Exercise description
Pictures stay out of the copy. Retype exactly the lines below from the one with "Next is the" through the one with "The spreader tip".

== Segment start ==

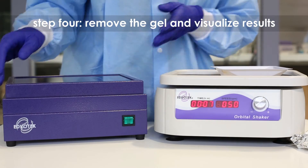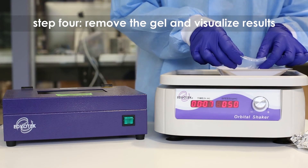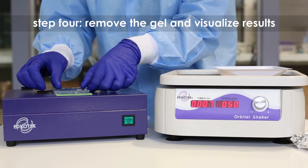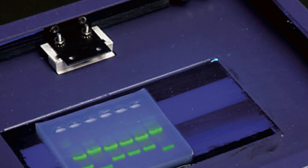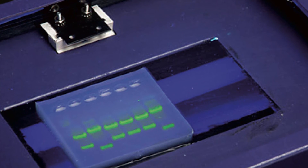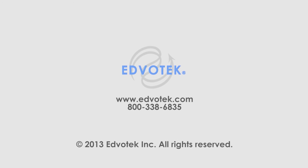Step 4. Remove the gel from the staining solution and visualize the results using a UV transilluminator. The DNA bands will appear bright green against a dark background.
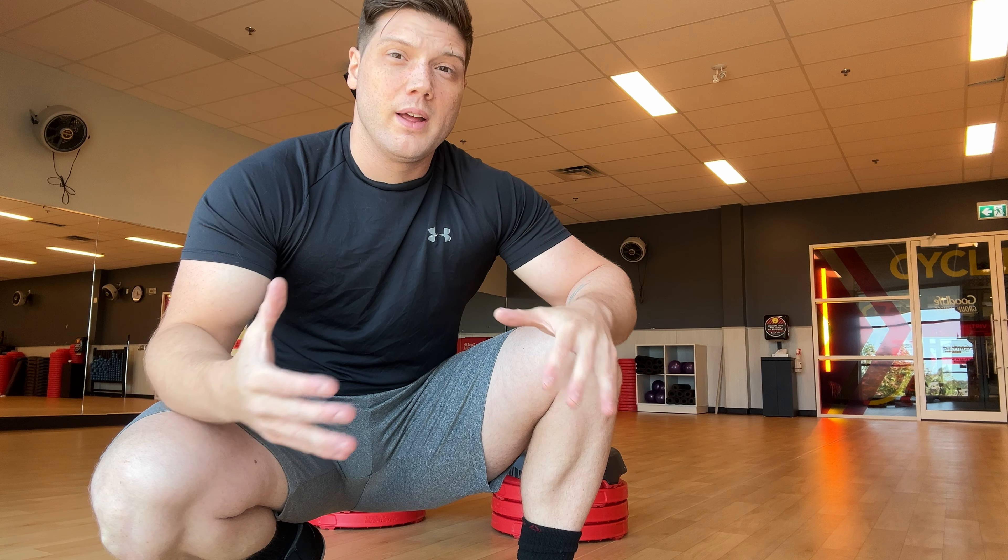I'm just going to do a few stretches because I feel a little bit restricted in my mobility and my hamstrings are a little bit tight. Today is kind of an accessory day, so we're just going to warm up and then do a little bit of a workout, feel good, and try to prevent some injuries for the future.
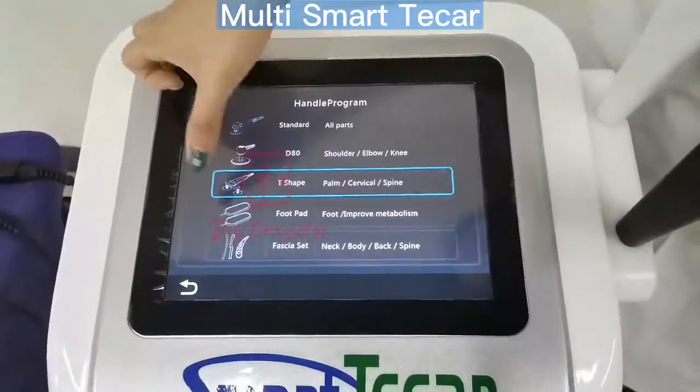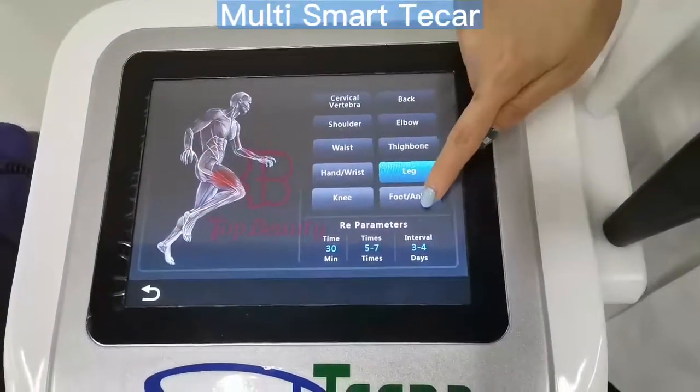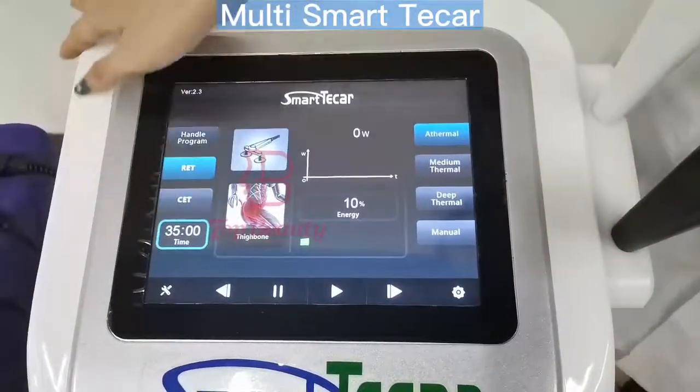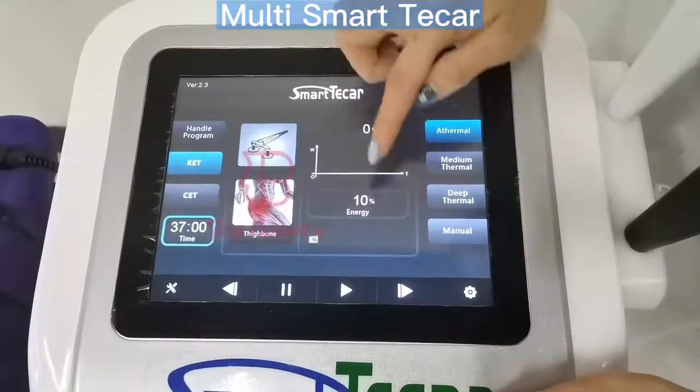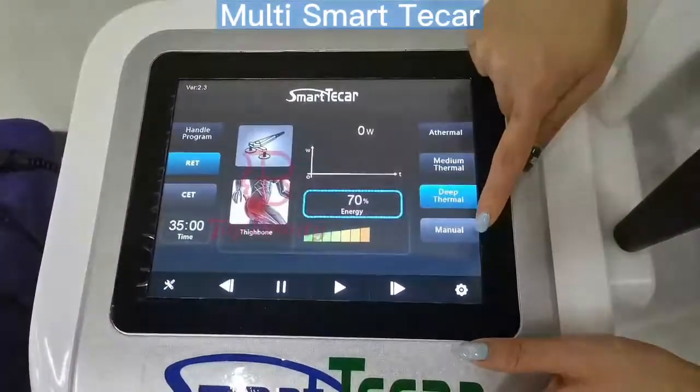Next is the TJ bridge handle — 10 treatment areas, working time setting, and energy setting.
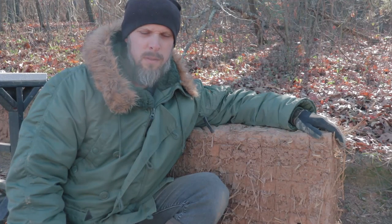Hey guys, welcome to another video. I'm Alex with This Cob House, and I have some pretty interesting results to show you in this video regarding some cob test blocks.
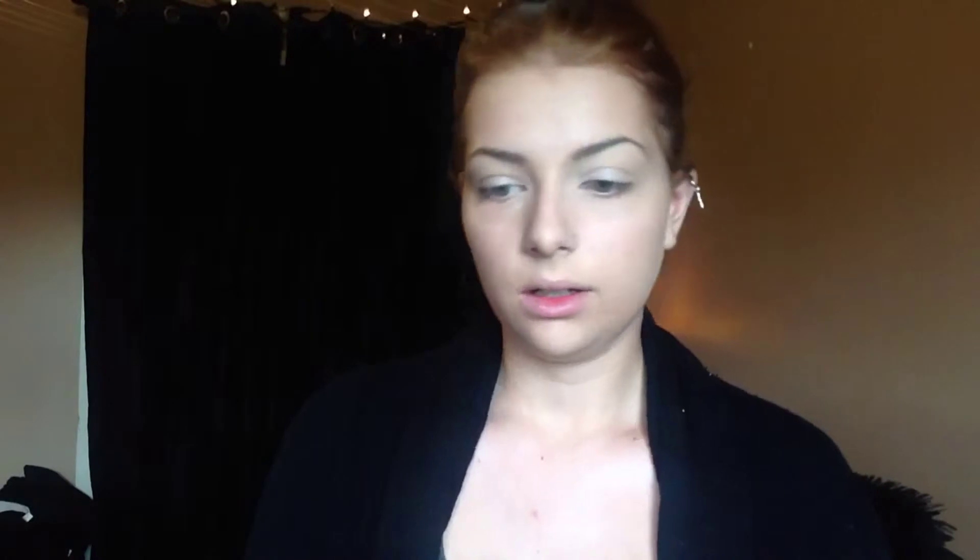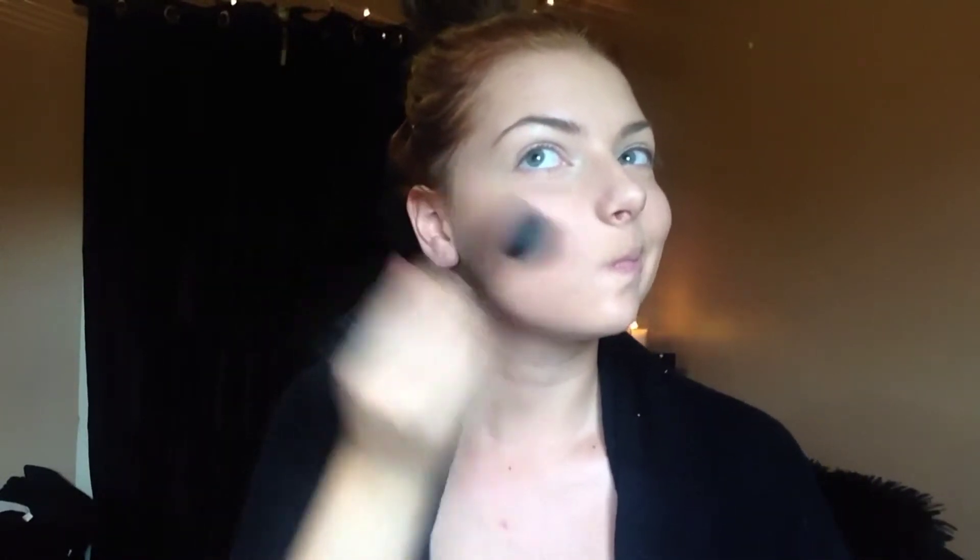After I'm done that, I'm going to be taking my Too Faced Bronzer — this is the Milk Chocolate Soleil — and I'm just going to be putting this in the hollows of my cheeks to help contour a little bit and add a little bit of color to my face. Then taking that same bronzer on a fluffy blending brush, I'm just going to be putting that right in the crease to give some dimension to my eyes.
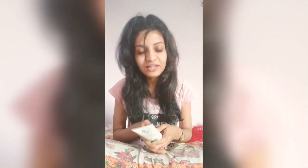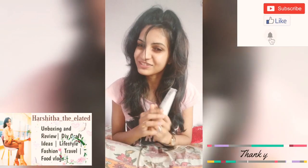It's budget-friendly and reasonable when compared with any other products. Just try it once, guys. If you like this video, please give it a like and subscribe to my channel. Hope you liked this video, thank you.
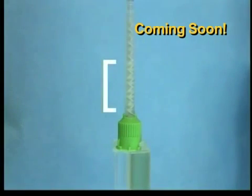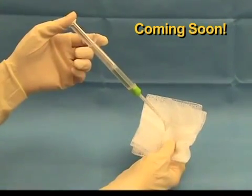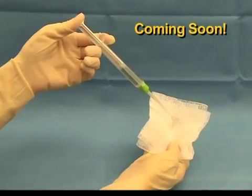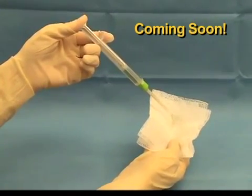The spreader tip will then become occluded with a small amount of BioGlue and will need to be changed prior to use. This method will result in two remaining working tips. Regardless of how the air is removed from the syringe, it is important that the surgeon prime the syringe immediately prior to application.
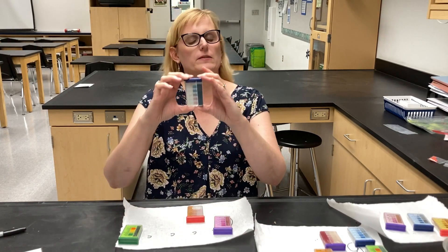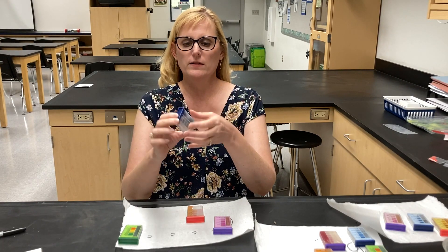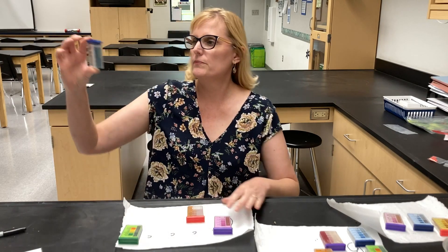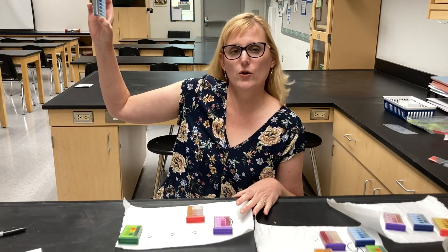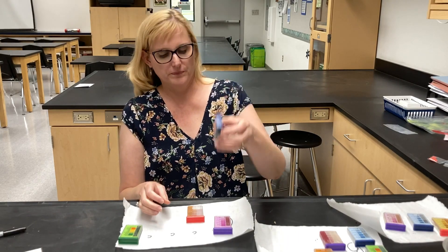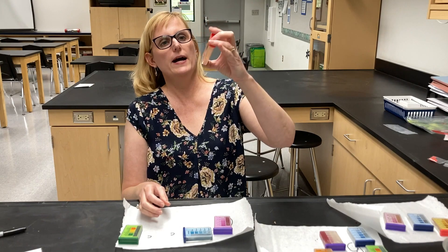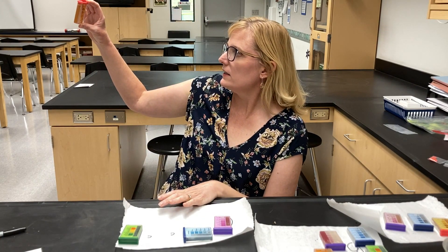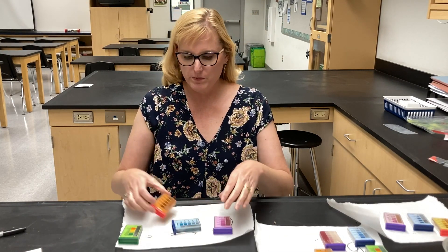Our phosphorus — again the blue doesn't like to dissolve as well, so I'm going to shake it up a little bit to get some of the reagent off the bottom. It looks to me to be adequate as well, it's a little low. And then this one has an orange color and it looks to be adequate as well — right about the middle.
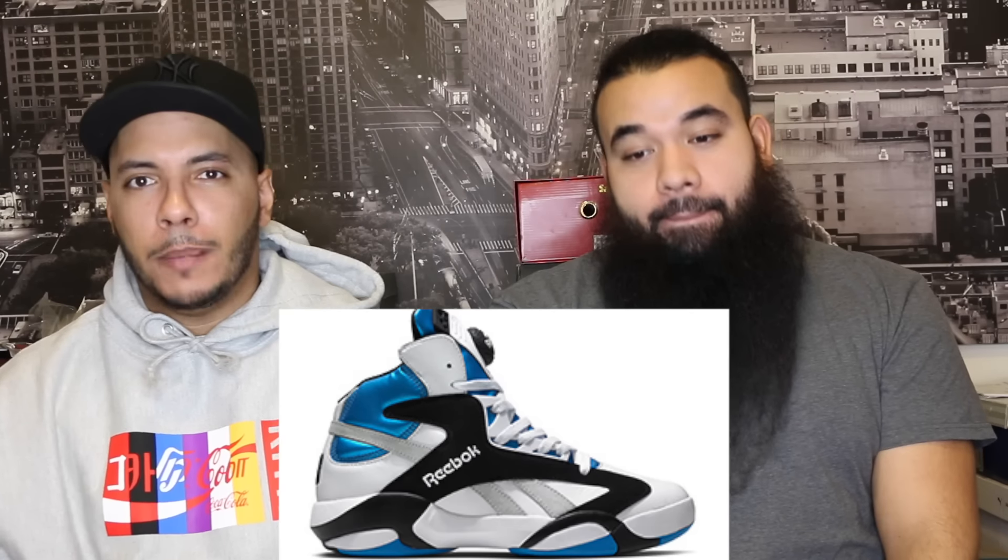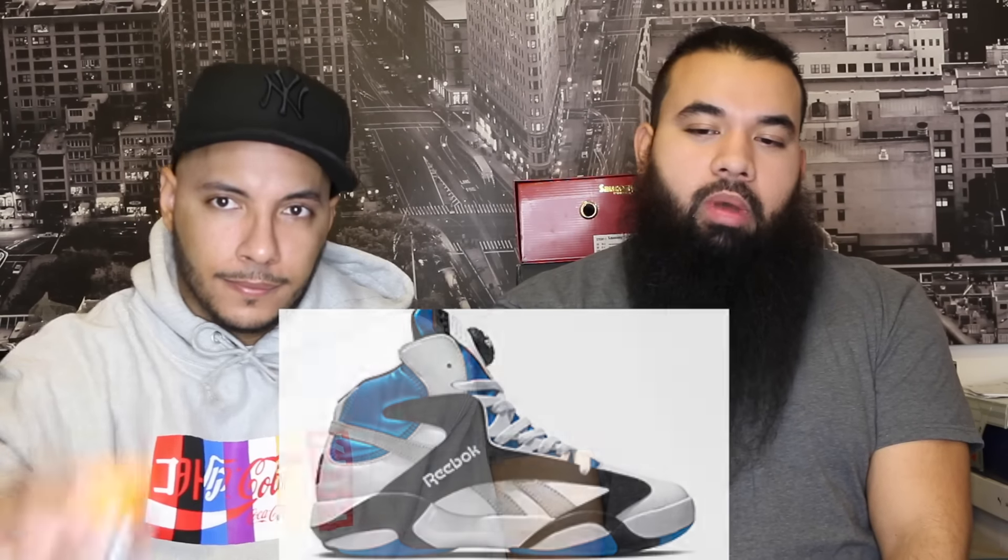Moving right along — another classic: the Reebok Shaq Attaq OG. I'm not gonna say I love it but I'm not mad at it, only because it's OG. It's a 90s basketball silhouette and you can't go wrong with this model.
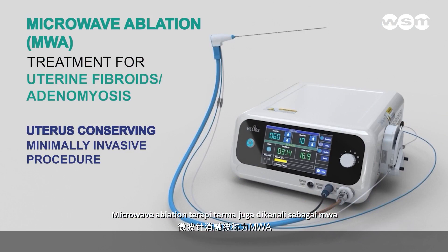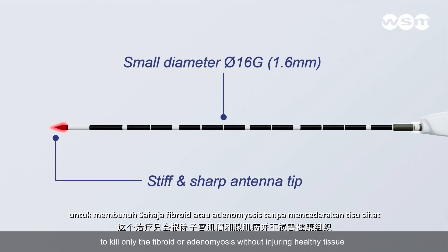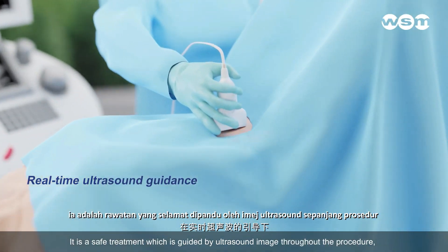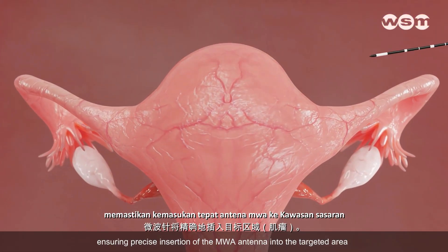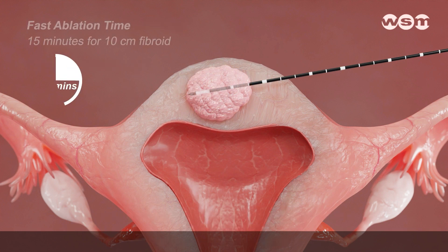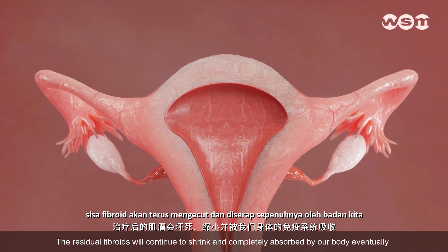Microwave Ablation Thermal Therapy — also known as MWA — is a uterus-conserving technique. With a tiny microwave ablation antenna, it kills only the fibroid or adenomyosis without injuring healthy tissue. MWA for fibroids or adenomyosis can be performed by abdominal approach. It is a safe treatment guided by ultrasound imaging throughout the procedure, ensuring precise insertion of the MWA antenna into the targeted area. MWA uses heat to kill and necrotize the fibroid tissue and shrink the fibroid without cutting or removing the uterus. It is a very fast procedure which can be completed in about 15 minutes. The residual fibroids will continue to shrink and be completely absorbed by the body eventually.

== Segment end ==

Response to this exercise
Next is the TJ bridge handle — 10 treatment areas, working time setting, and energy setting.
Hey guys, welcome to another video. I'm Alex with This Cob House, and I have some pretty interesting results to show you in this video regarding some cob test blocks.
After I'm done that, I'm going to be taking my Too Faced Bronzer — this is the Milk Chocolate Soleil — and I'm just going to be putting this in the hollows of my cheeks to help contour a little bit and add a little bit of color to my face. Then taking that same bronzer on a fluffy blending brush, I'm just going to be putting that right in the crease to give some dimension to my eyes.
It's budget-friendly and reasonable when compared with any other products. Just try it once, guys. If you like this video, please give it a like and subscribe to my channel. Hope you liked this video, thank you.
The spreader tip will then become occluded with a small amount of BioGlue and will need to be changed prior to use. This method will result in two remaining working tips. Regardless of how the air is removed from the syringe, it is important that the surgeon prime the syringe immediately prior to application.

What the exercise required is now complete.